Data extracted from a collection:
* * * *

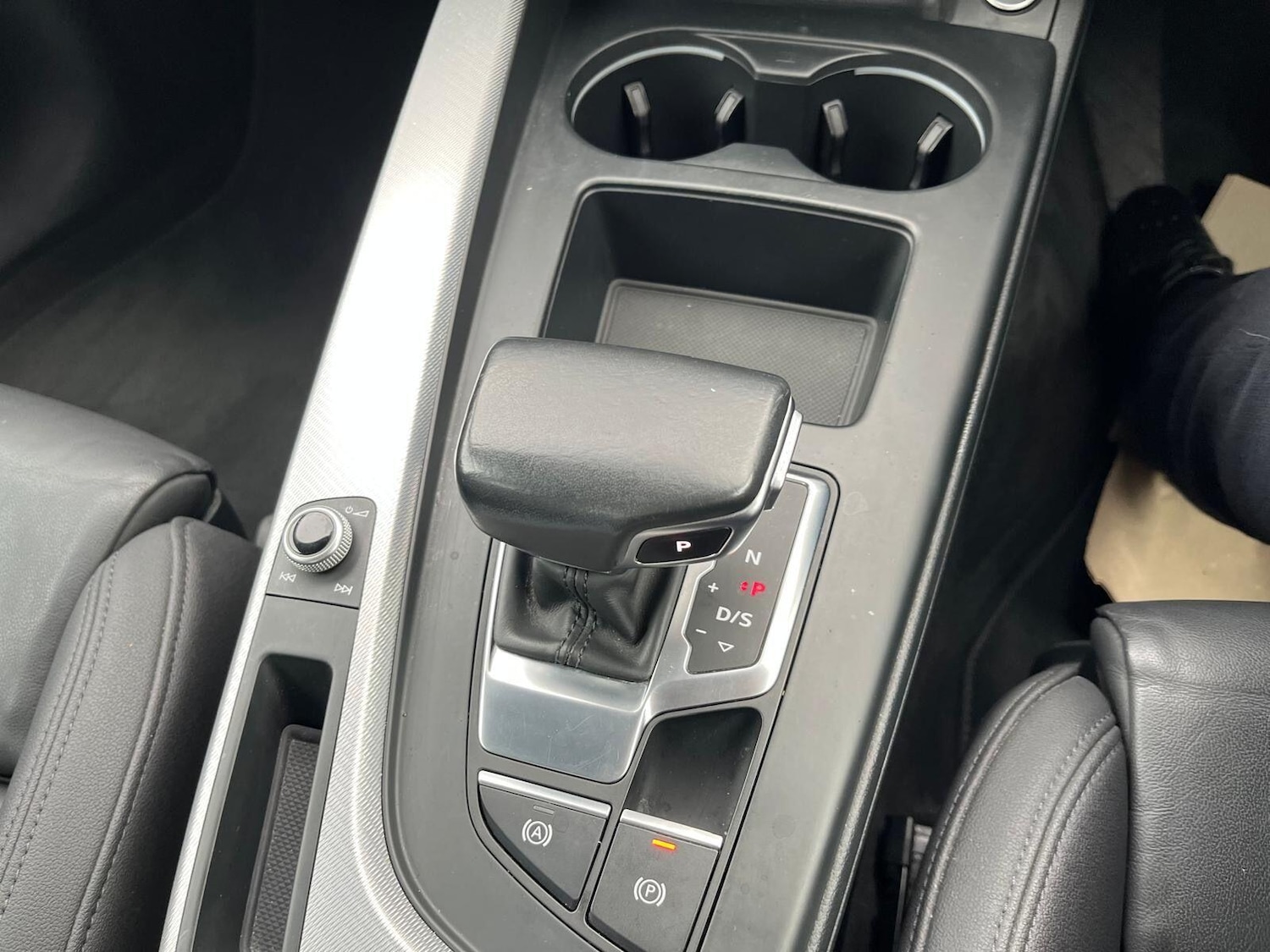 Used Audi A4 2020 for sale - 76484743: Photo 9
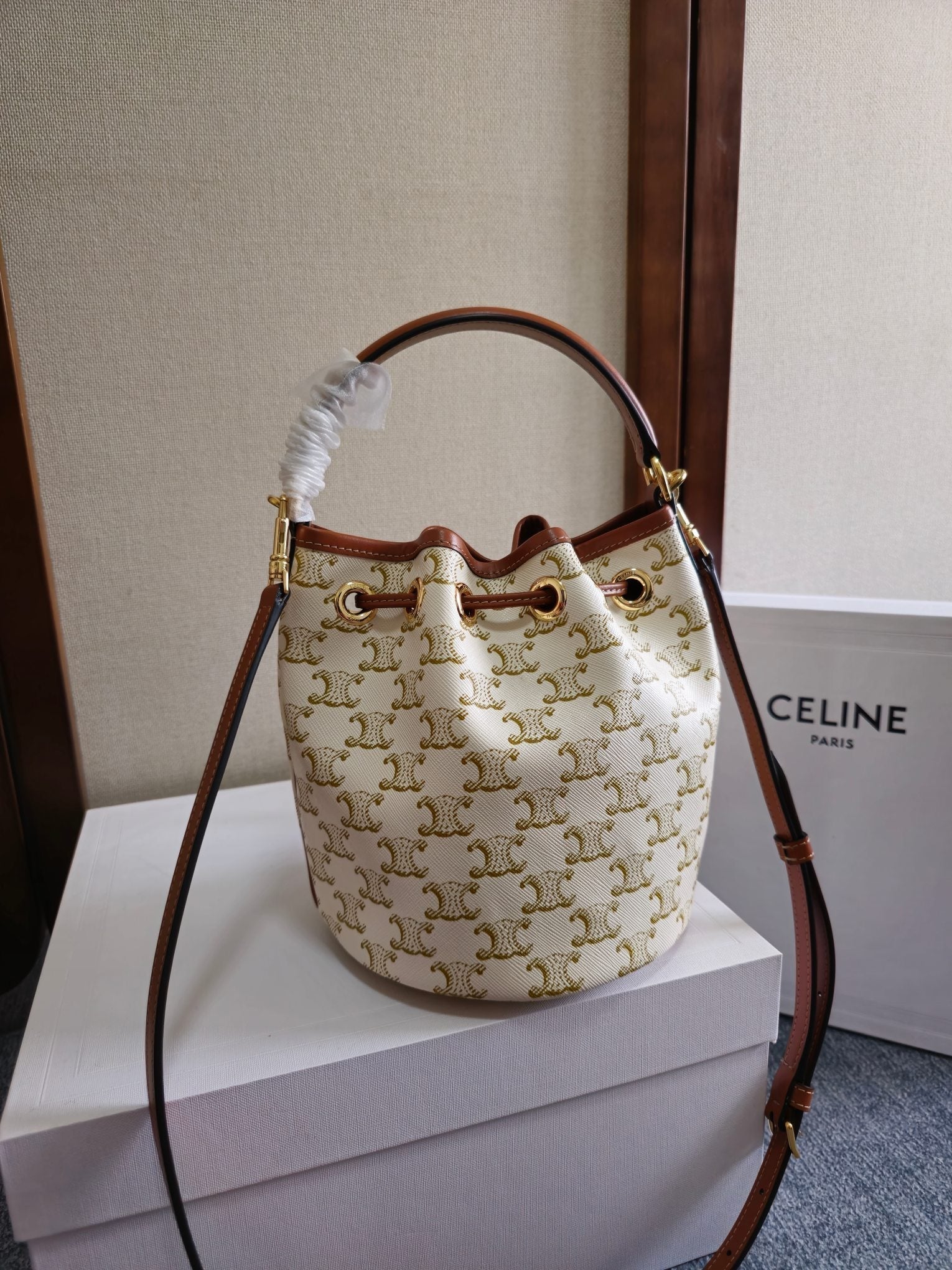 CELINE CLARA BAG 19 IN WHITE TRIOMPHE CANVAS AND BROWN CALFSKIN TRIM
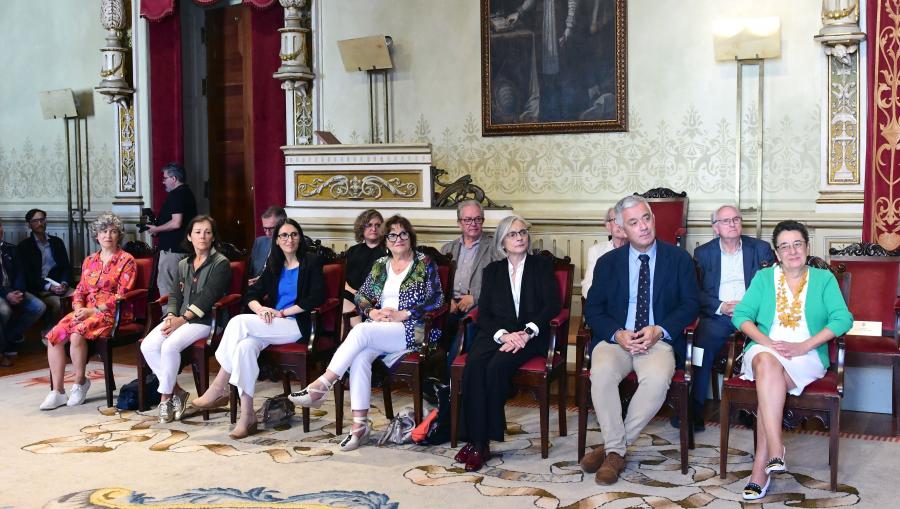 Asistentes ao acto. FOTO: Santi Alvite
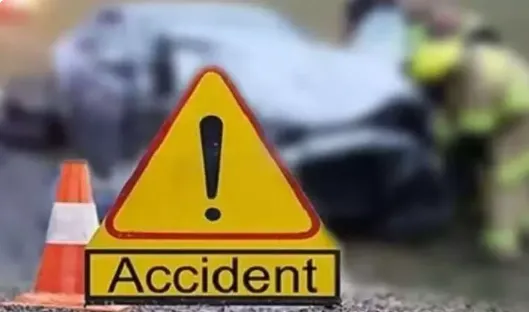 गौतमबुद्व नगर में हुए सड़क हादसों में महिला समेत 10 लोगों की मौत, पिता-पुत्री समेत कई घायल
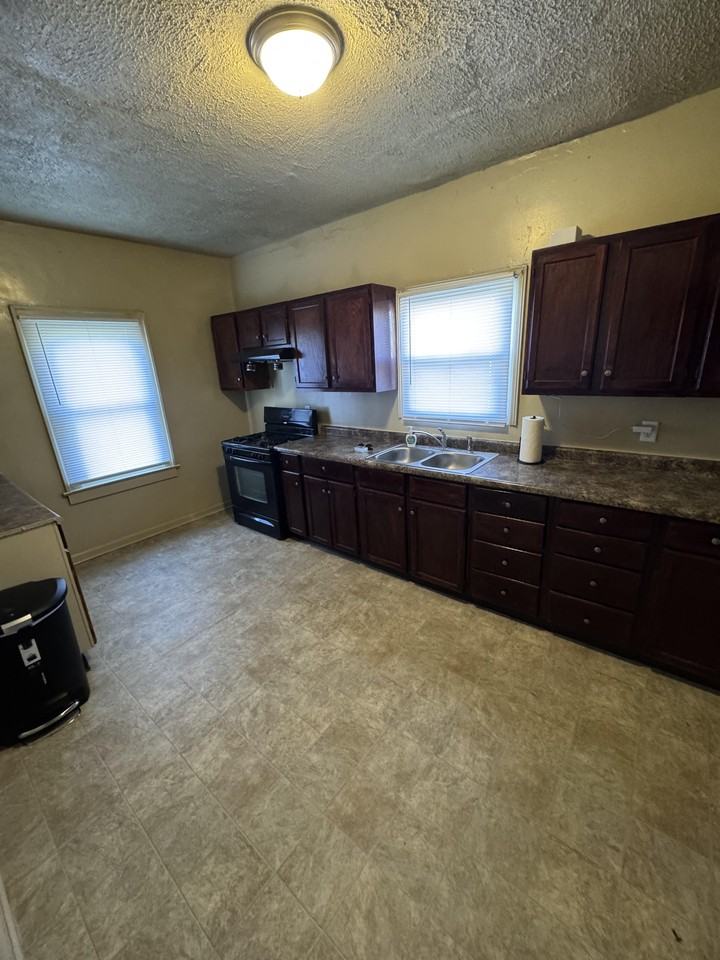 Maywood Rd - Photo 5 of 6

* * * *

Apart from the pictures, set down all the entries above exactly.

RESULT:
 Used Audi A4 2020 for sale - 76484743: Photo 9
 CELINE CLARA BAG 19 IN WHITE TRIOMPHE CANVAS AND BROWN CALFSKIN TRIM
 Asistentes ao acto. FOTO: Santi Alvite
 गौतमबुद्व नगर में हुए सड़क हादसों में महिला समेत 10 लोगों की मौत, पिता-पुत्री समेत कई घायल
 Maywood Rd - Photo 5 of 6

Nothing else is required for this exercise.